Book Review: Animal, Vegetable, Miracle
I finished reading the book ‘Animal, Vegetable, Miracle’ a few days ago, one of things which inspired me to increase our garden from five 4’x4′ vegetable garden beds to eight. The three new beds are fully above-ground with a plywood base sitting on part of the gravel where I had been parking my car. There is room for two more beds, but then I wouldn’t even be able to park my car there in a pinch. I’m excited, as I planted garlic and shallots today, which will establish their root system over the winter, and develop a proper planty part in the spring.
As for the book, it is essentially 4 books in one, and I had a different attitude about each element of the book.
- On one extreme, the book includes significant “preachy” content about the (completely genuine) horrors that CAFO’s make our meat, and the legitimate concerns about a society which values everything ripe at all times, no matter the fuel required to enjoy asparagus in December. This is important info, but I don’t enjoy the constant reminders.
- Another element is a genuine narrative about their lives. I did not find this especially interesting, but it did tie the story together.
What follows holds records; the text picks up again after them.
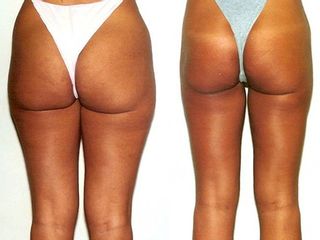 Liposuzione prima e dopo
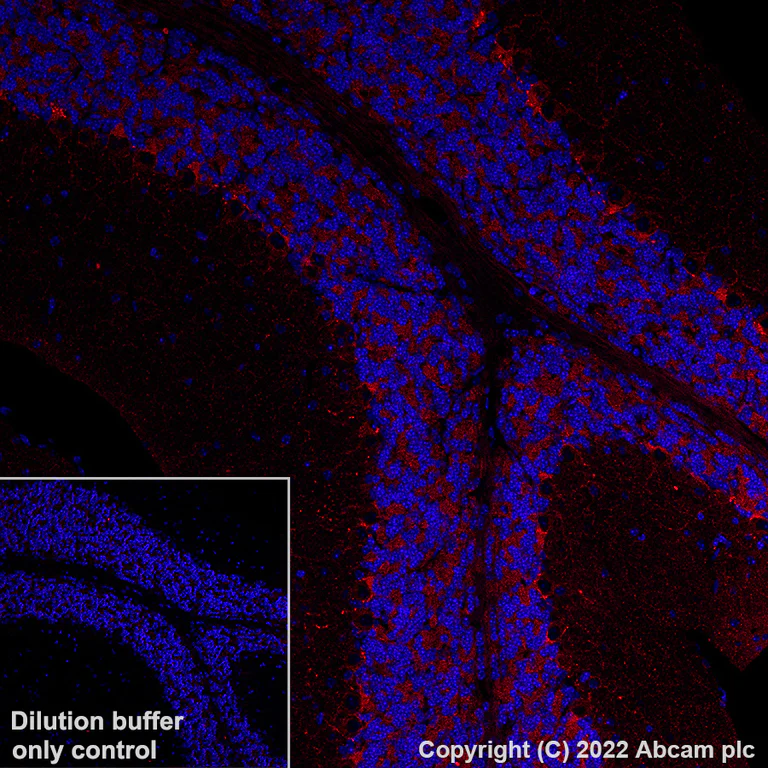 Immunohistochemistry (Formalin/PFA-fixed paraffin-embedded sections) - Alexa Fluor® 594 Anti-GAD67/GAD1 antibody [EPR20578] (AB306573)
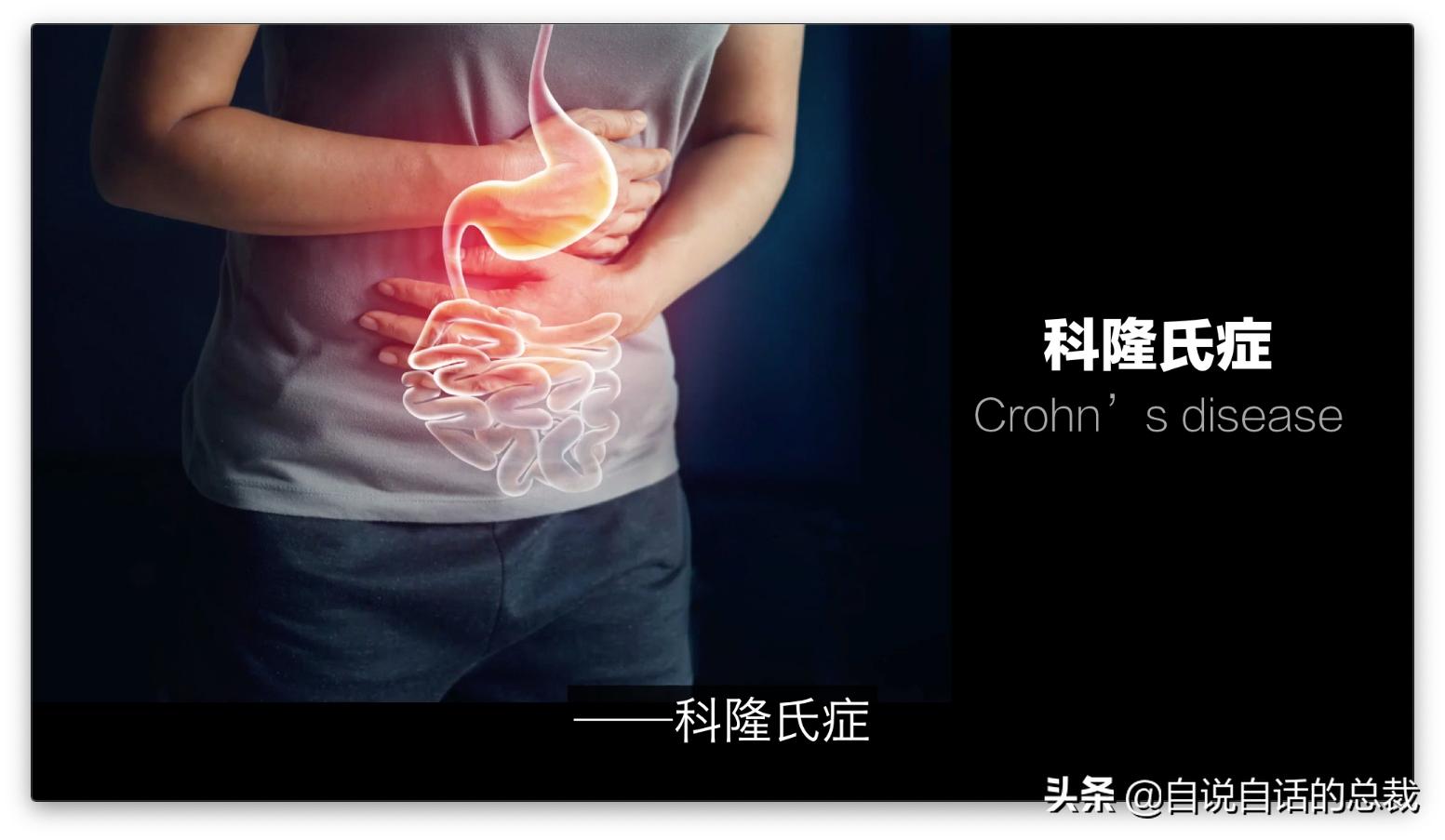 吃翔救命,最奇葩的药,人体“第二大脑”的五个惊奇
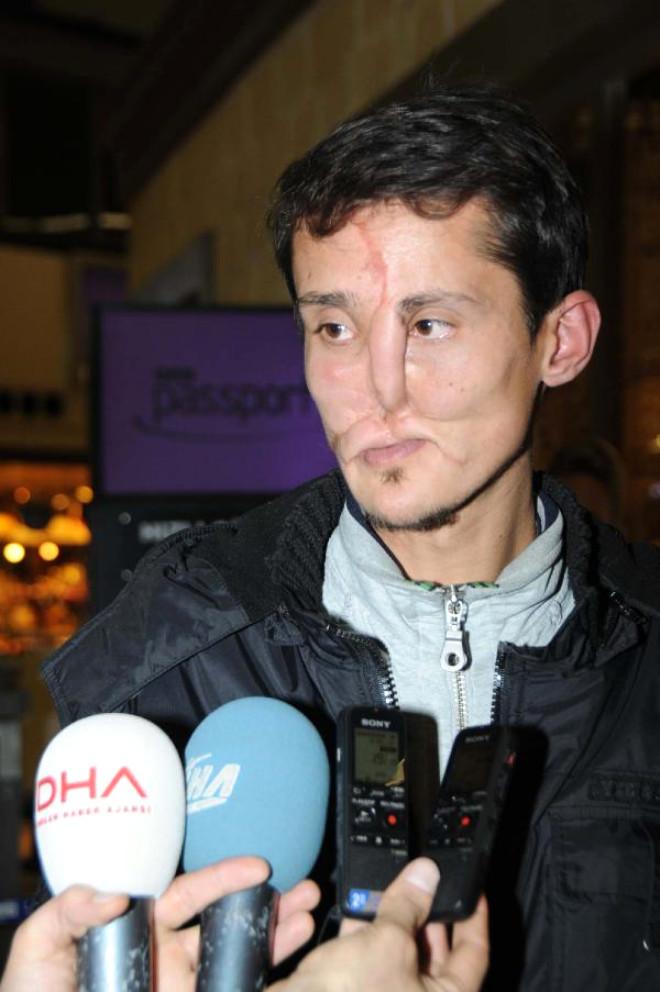 Recep Yüz Nakli Umuduyla İçin İkinci Kez Antalya Yolunda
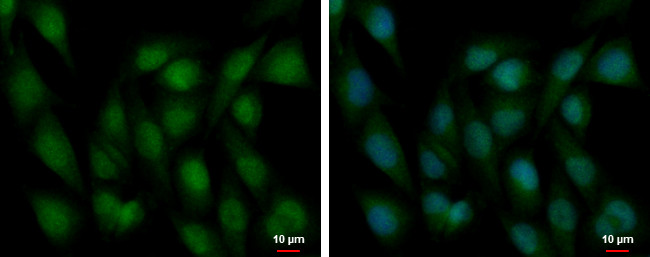 ZEB2 Antibody in Immunocytochemistry (ICC/IF)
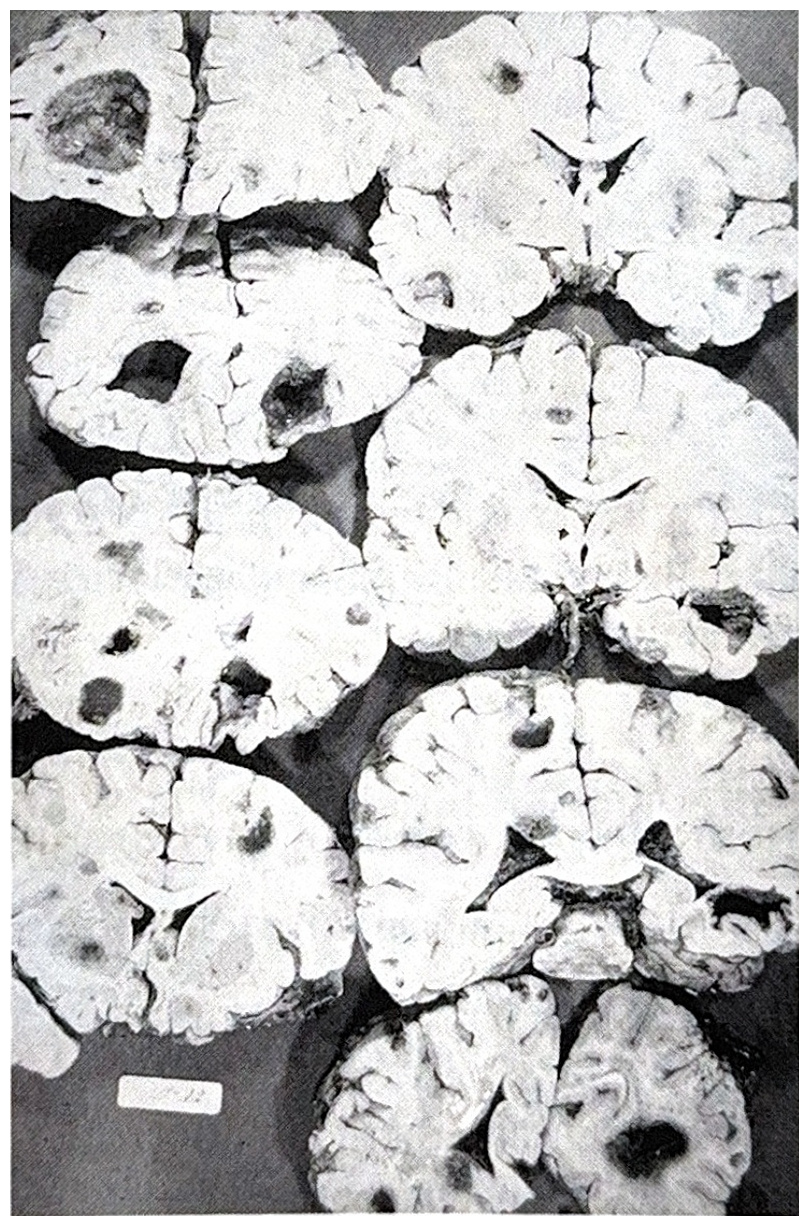 รูปที่ 3.132 แสดงให้เห็น metastatic brain tumor ที่เกิดขึ้นในสมองหลายแห่ง มีขนาดต่าง ๆ กัน ซึ่งเป็นลักษณะสำคัญที่ใช้วินิจฉัยโรค สังเกตเนื้องอกมีทั้งที่เป็น ก้อนทึบ, cyst และที่มีเลือดออก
- The most compelling part for me is the detailed recount of the actual process required to grow your own food for a year, or source it from your community. I enjoyed learning about their experiences raising (and processing) chickens and turkeys, learning to make mozzarella, finding suprising spring foods at the farmers market and the details of a large near-sustinance farming experiment.
- There were also excerpts from her daughter, whichprovided short stories from an alternate perspective, followed by some recipes that follow the seasons appropriately. I made some dried tomatoes following one of the recipes, and will try to make a sundried tomato pesto sometime after fresh tomatoes are no longer outside and at the farmers market.
Overall, I enjoyed the book, but enjoy more the rejuvenated entusiasm in my own garden.